With European regulators apparently pushing for several divestments of Aon PLC before approving their purchase of competing Willis Towers Watson PLC, the structure of each sale remains wide open, analysts say.
Divestments, including potentially Willis' reinsurance department and operations in various European countries, may be made in installments or as a single transaction, but a series of transactions may be the most likely outcome, they say.
"Given the size and complexity of the concentration and the need to address antitrust issues, we believe that a combination of several smaller transactions is most likely," said Carlos Wong-Fupuy, senior director, global reinsurance ranking, at AM Best Co. in London.
Aon, the world's second largest broker, announced its agreement to buy Willis, the third largest, for about $ 30 billion in March 2020. Shortly after the deal was announced, speculation began about competition issues that could be raised by regulators, particularly related to the reinsurance brokerage sector, where Aon, Willis and Guy Carpenter & Co. LLC, owned by Marsh & McLennan Cos. Inc., dwarfs its closest competitors. However, Aon said it did not expect to be forced to divest any entities, including Willis Re.
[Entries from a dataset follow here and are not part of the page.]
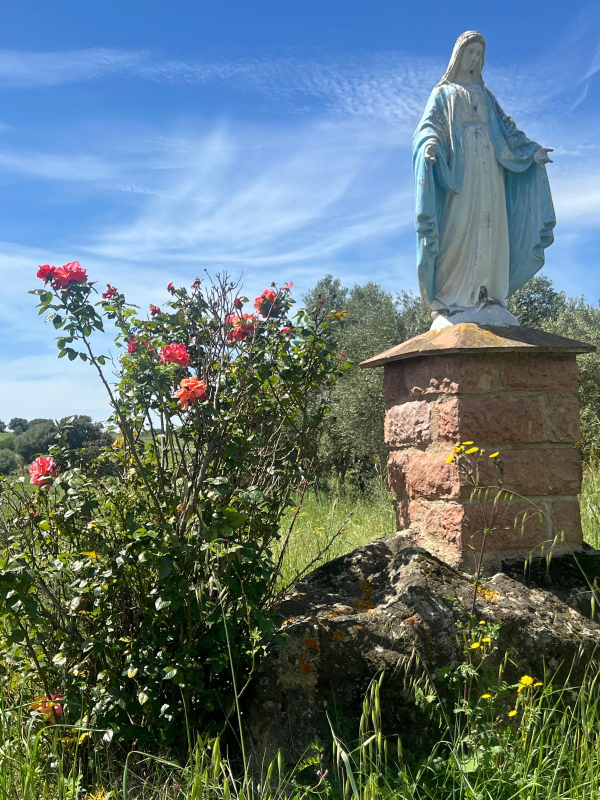 Statua della Vergine Maria su un piedistallo di pietra accanto a rose rosse in un giardino soleggiato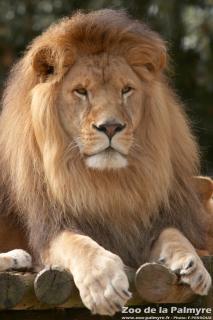lion-zoo-palmyre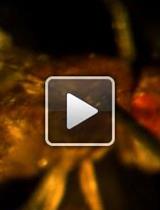 A Method to Injure, Dissect and Image Indirect Flight Muscle of <em>Drosophila</em>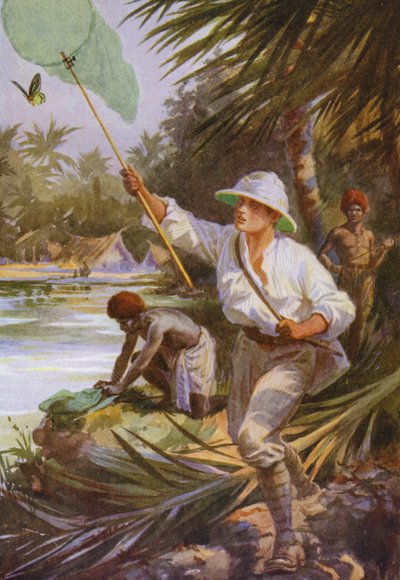 Schöne Schmetterlinge: Ein Sammler bei der Arbeit in Neuguinea von Arthur Twidle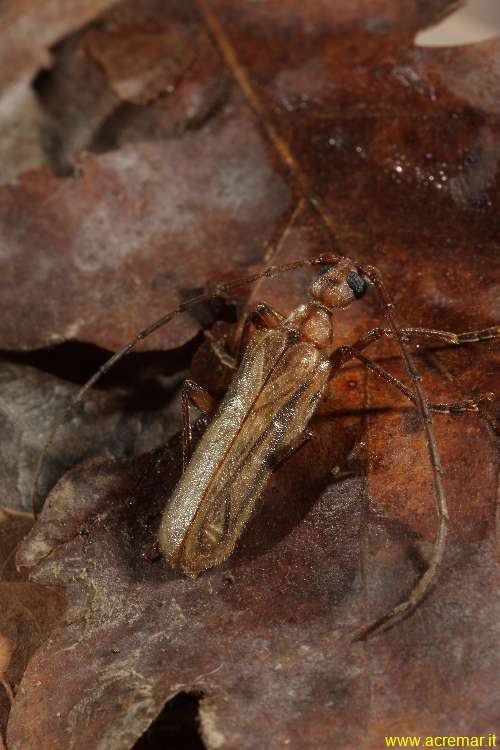 Vesperidae: Vesperus strepens (= (?) ligusticus sensu Vitali)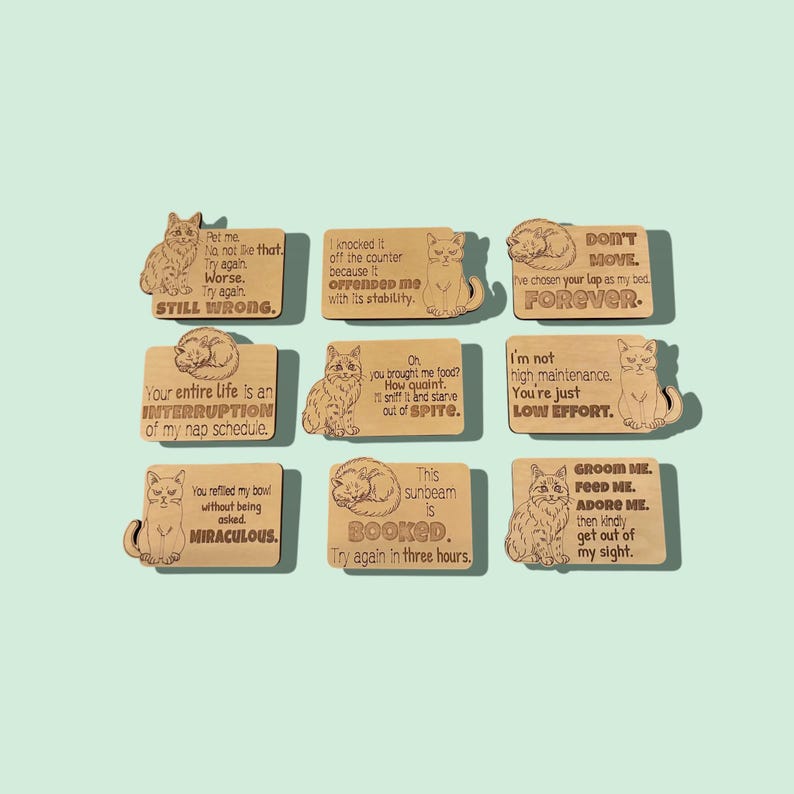 Ten wooden cat magnets with different cat illustrations and funny sayings.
Last year, however, European Union regulators expressed concern over the Aon-Willis affair.
EU competition arm, European Commission said it was "concerned that the transaction could reduce competition in brokerage services to large multinational clients in the risk classes real estate and accidents, financial and professional services, credit and political risks, cyber and marine and brokerage services to customers of all sizes for manufacturing risks in space and space and in some additional risk classes in specific national markets. ”
Aon later offered to sell Willis reinsurance arm, companies in France, Germany, the Netherlands and Spain. and various corporate security activities
Discussions continued and European regulators withdrew the deadline for approving the deal until July 27, delaying Aon's plan to complete the acquisition in the first half of this year. task ock so aroused concern.
“In an already highly concentrated market, it seems that the only response to the competition authorities' objections will be to divest parts of the business in certain important territories. Wong-Fupuy sa.
The list of potential acquirers can be long and includes rival brokers and private equity firms, say analysts.
Arthur J. Gallagher & Co., the fourth largest broker, which has expanded its reinsurance business, was early identified as a potential bidder for Willis Re.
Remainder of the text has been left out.